When I sat back down after calling him and telling Mom that he was coming, Reuben said that me and Loren were really good friends.

“You ever go to his house to eat?” he said.

“I don't like what his mother makes,” I said.

“You and him need to stay away from these bums on the street,” Reuben said. “You never know what they up to. They can have some kind of disease, they can be up to no good, you can't tell.”

“Who's this?” Mom was putting olive oil in the sauce.

“We met this man who says he's three hundred years old,” I said. “He said he keeps dreams and carries them around with him for all that time.”

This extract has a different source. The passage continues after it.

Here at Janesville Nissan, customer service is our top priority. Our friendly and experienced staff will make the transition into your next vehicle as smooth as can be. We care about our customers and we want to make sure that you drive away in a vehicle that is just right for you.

“Stay away from him!” Reuben said.

“Why?”

“Because I said so.”

“I think he's okay,” I said.

“Stay away from him!”

The tears came again and I just let them run down my face. Reuben was looking at me, and he was mad, and for the first time in my life I didn't look away from him.

I was sorry when Loren came over. Reuben sat with us at the dinner table, and nobody said anything as we ate. At first it could have been that nobody had anything to say, but then we all knew how quiet we were being, and it was like we were caught up in it.

Mr. Moses' dream came to mind, and I imagined him in the cotton field, in the hot sun, caught up in his dream. But he hadn't told me why they had been picking the cotton so fast. That was a part of the dream that didn't make any sense. Having a hard time swallowing spaghetti didn't make sense, either.